INFORMATION GIVEN Block Start

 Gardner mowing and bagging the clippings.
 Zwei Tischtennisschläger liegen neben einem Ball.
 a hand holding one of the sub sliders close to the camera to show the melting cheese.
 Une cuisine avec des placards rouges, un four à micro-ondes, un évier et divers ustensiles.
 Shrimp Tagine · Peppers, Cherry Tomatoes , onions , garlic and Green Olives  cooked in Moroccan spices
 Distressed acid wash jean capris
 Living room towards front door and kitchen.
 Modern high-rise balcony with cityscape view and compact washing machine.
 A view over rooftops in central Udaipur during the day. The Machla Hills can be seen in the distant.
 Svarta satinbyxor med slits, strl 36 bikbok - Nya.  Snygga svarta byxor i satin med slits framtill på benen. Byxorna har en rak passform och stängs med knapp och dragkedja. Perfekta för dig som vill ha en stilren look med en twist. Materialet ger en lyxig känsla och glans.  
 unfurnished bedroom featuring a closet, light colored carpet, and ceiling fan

INFORMATION GIVEN Block End

### INSTRUCTIONS FOR THE TASK
Whichever lines of the records above hold the word "view" should all be copied out.

### YOUR SOLUTION
 Modern high-rise balcony with cityscape view and compact washing machine.
 A view over rooftops in central Udaipur during the day. The Machla Hills can be seen in the distant.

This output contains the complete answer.